WORK ORDER:
Filter this listing down to the lines that contain the word "Street", and copy them.

PROVIDED INFORMATION:
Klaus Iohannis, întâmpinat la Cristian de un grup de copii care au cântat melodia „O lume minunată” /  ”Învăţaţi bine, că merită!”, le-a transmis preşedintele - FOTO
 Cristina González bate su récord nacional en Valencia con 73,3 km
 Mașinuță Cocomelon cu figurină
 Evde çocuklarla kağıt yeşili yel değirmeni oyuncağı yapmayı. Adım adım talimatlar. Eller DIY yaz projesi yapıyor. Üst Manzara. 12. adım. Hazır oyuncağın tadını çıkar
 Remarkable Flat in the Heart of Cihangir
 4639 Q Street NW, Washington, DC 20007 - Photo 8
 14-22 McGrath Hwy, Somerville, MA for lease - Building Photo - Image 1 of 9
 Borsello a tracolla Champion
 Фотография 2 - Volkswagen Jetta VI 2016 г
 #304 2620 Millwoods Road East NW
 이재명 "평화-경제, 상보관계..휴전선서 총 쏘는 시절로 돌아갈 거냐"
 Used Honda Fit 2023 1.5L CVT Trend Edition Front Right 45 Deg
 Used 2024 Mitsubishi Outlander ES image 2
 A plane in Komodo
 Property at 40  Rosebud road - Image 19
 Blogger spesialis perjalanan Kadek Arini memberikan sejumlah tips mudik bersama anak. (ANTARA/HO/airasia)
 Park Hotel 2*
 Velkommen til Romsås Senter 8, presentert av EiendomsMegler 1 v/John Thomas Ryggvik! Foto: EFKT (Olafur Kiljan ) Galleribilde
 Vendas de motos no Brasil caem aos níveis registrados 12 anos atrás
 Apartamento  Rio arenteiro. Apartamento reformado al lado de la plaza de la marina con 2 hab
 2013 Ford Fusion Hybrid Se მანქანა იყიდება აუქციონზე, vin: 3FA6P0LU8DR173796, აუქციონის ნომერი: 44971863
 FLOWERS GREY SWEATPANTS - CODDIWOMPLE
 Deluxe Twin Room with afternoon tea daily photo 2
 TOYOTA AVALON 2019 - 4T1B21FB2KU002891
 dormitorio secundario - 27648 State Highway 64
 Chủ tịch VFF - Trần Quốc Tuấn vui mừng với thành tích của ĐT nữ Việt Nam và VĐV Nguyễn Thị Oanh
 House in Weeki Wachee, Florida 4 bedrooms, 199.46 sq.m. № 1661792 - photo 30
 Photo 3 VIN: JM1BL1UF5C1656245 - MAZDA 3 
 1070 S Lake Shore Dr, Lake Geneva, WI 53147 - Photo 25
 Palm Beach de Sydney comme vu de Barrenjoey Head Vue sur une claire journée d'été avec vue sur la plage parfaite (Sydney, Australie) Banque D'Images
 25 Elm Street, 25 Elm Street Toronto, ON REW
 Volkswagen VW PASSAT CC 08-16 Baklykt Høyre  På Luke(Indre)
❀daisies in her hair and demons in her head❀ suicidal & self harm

OUTPUT:
 4639 Q Street NW, Washington, DC 20007 - Photo 8
 25 Elm Street, 25 Elm Street Toronto, ON REW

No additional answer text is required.